• _Activity_
Reproduce the lines below exactly, from the one containing "Banc hyperextension ATX" through the one containing "INK CARTRIDGE LC-970BKBP", both included. Leave out any pictures.

• _Data to examine_
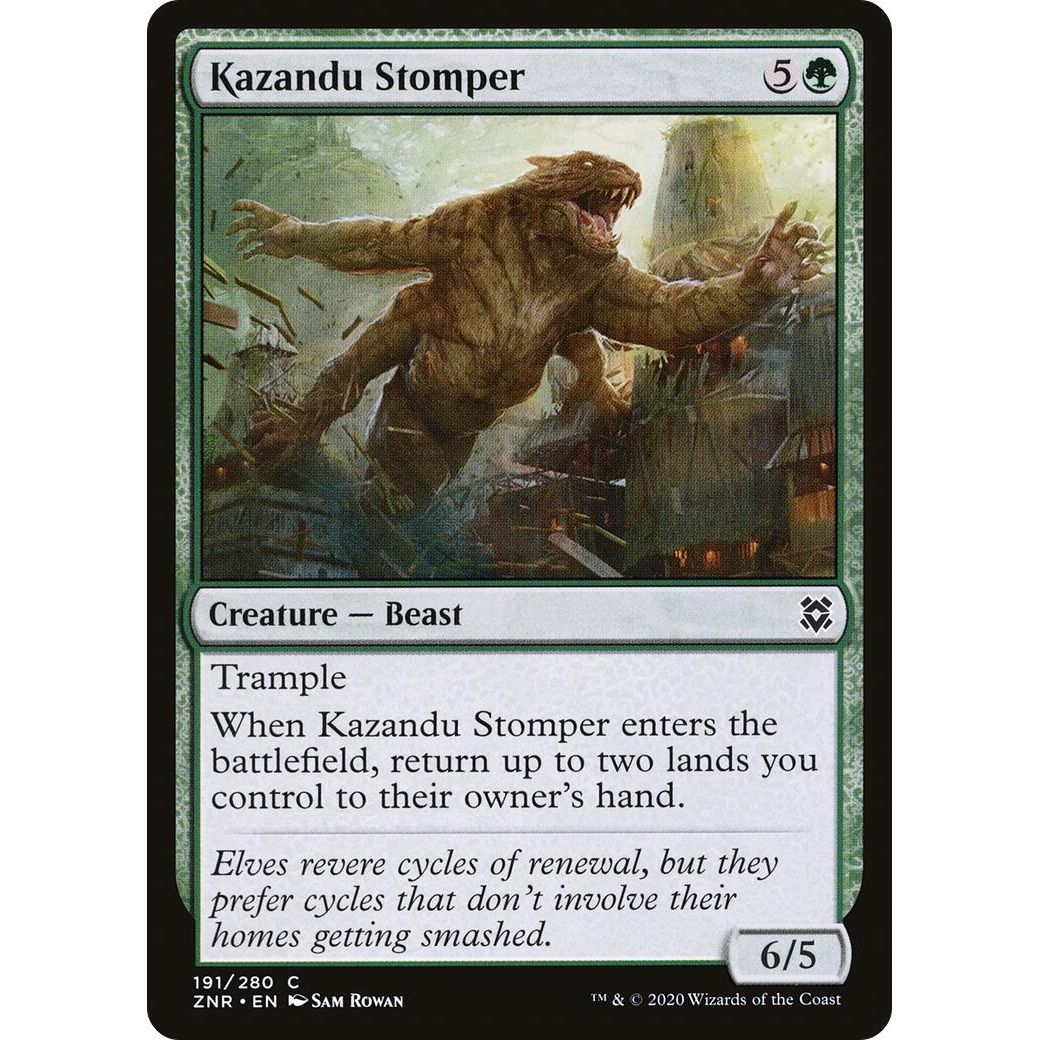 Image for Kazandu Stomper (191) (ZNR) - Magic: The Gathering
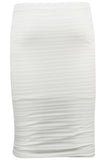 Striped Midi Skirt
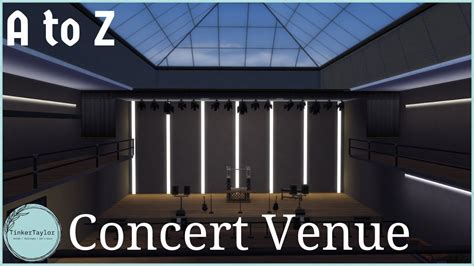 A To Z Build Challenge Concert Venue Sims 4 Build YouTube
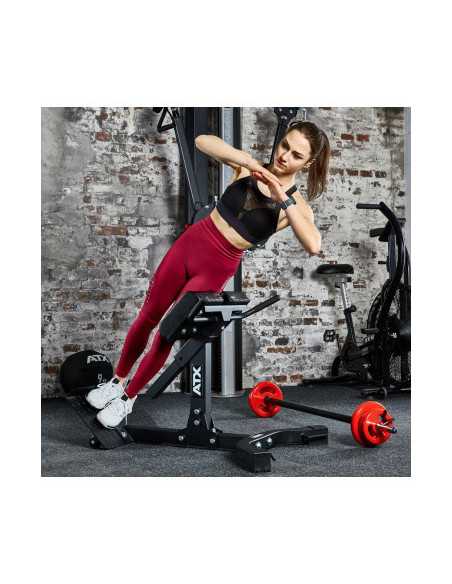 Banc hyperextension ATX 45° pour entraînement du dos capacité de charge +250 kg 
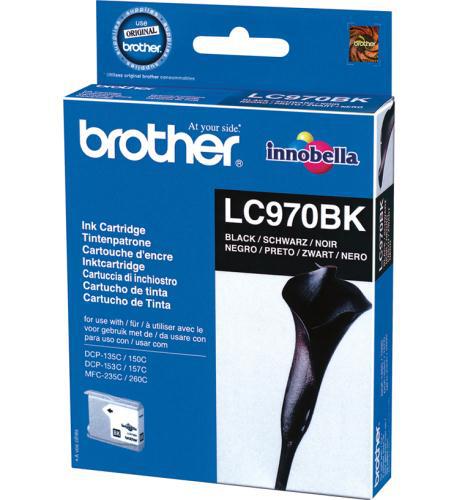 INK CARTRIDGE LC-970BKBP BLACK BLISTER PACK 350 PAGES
==
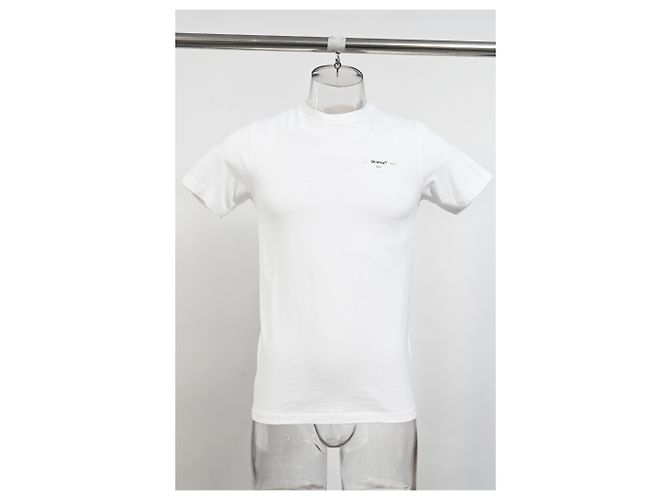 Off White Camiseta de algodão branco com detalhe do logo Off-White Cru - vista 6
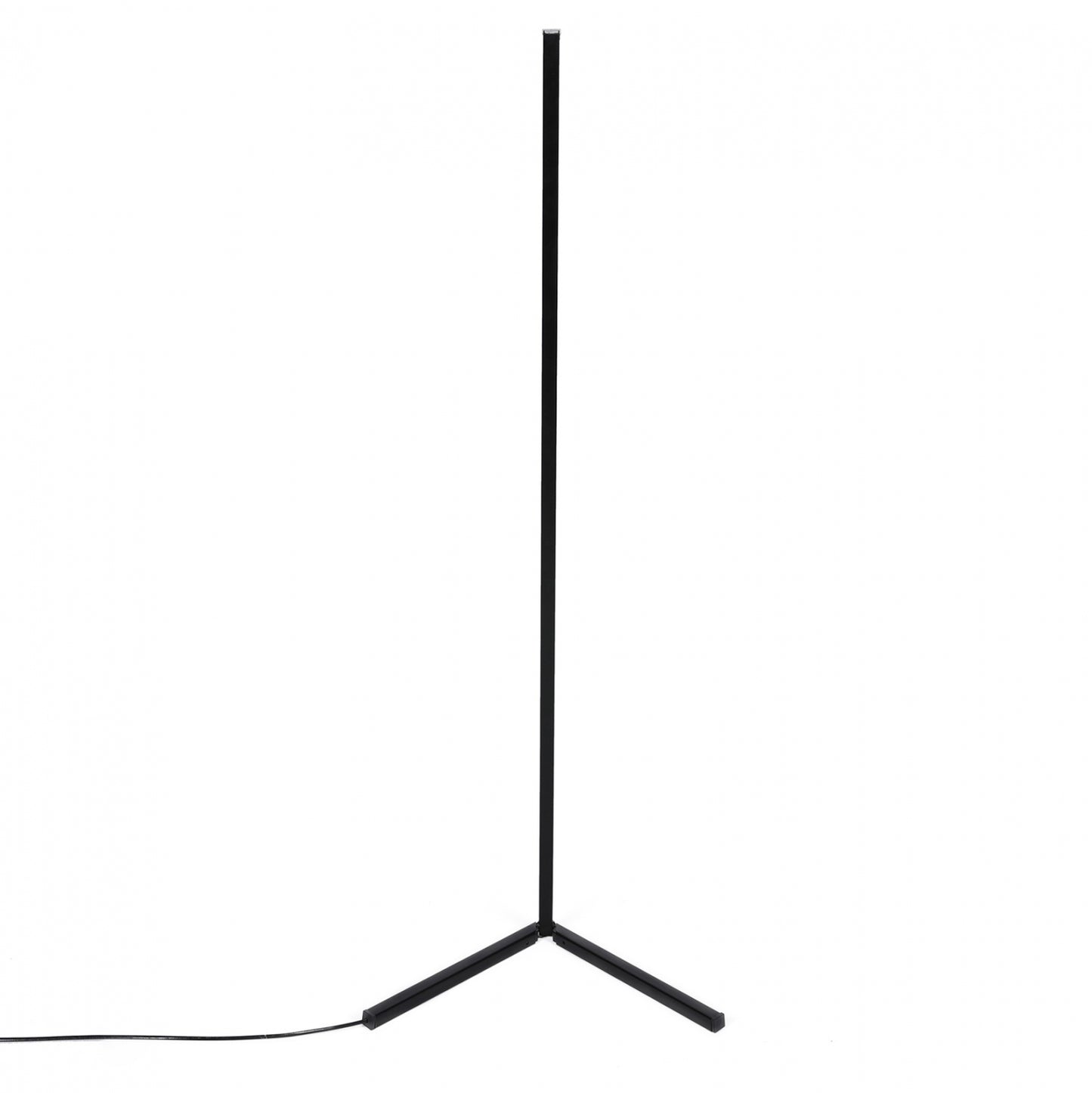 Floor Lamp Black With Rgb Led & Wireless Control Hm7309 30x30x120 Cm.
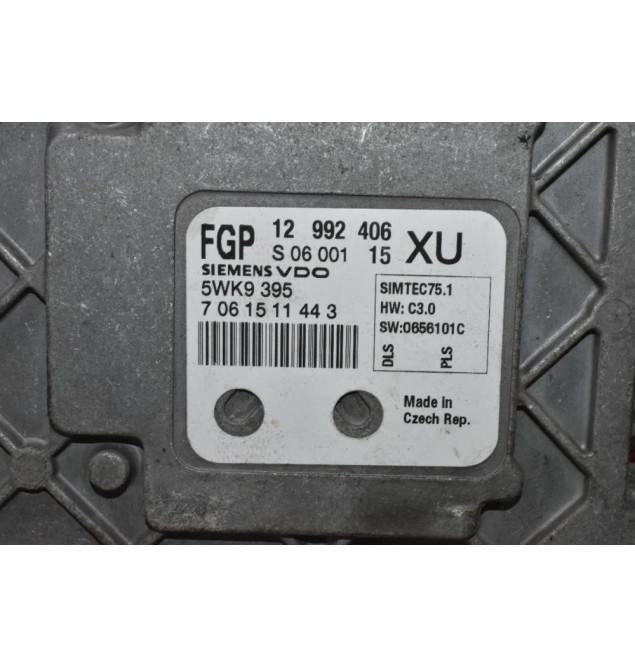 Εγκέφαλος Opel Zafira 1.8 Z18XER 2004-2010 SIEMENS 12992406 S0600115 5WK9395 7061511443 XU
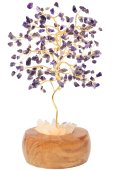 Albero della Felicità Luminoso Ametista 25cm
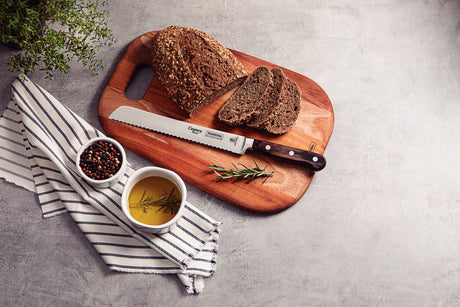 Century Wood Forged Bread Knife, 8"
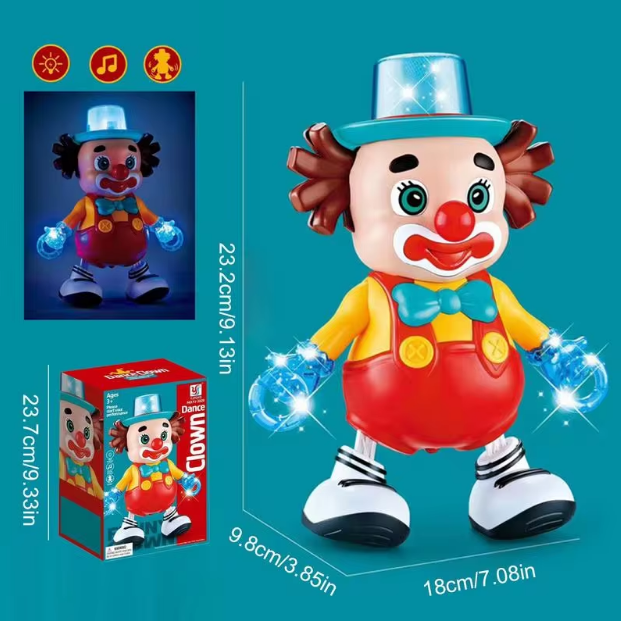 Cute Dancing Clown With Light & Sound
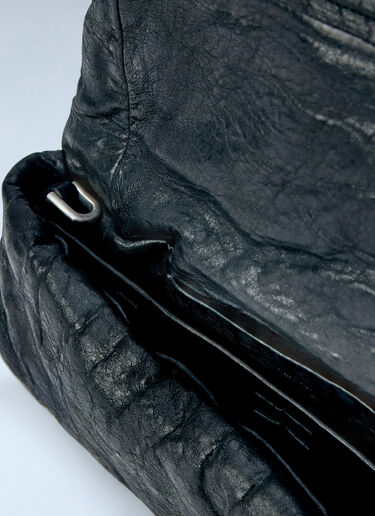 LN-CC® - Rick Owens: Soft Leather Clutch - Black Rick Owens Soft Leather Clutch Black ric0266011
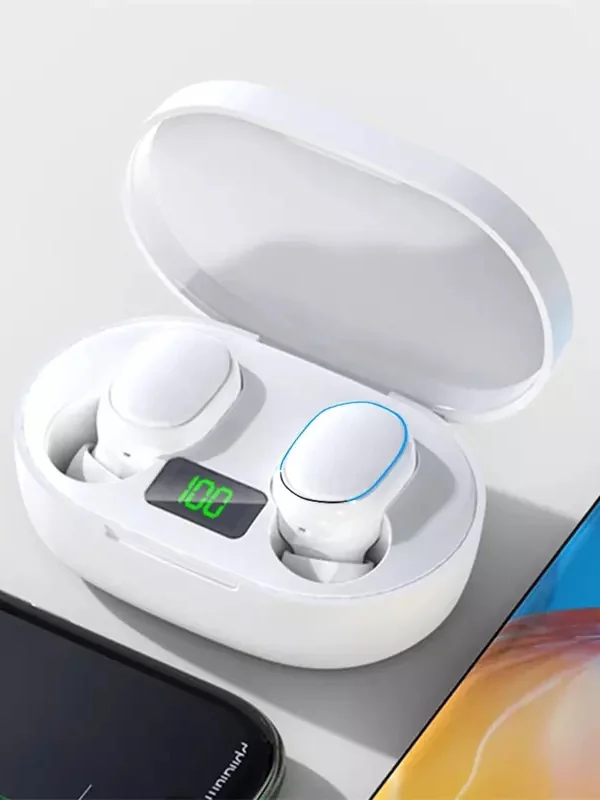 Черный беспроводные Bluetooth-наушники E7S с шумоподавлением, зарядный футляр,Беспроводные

• _Answer to this exercise_
 Banc hyperextension ATX 45° pour entraînement du dos capacité de charge +250 kg 
 INK CARTRIDGE LC-970BKBP BLACK BLISTER PACK 350 PAGES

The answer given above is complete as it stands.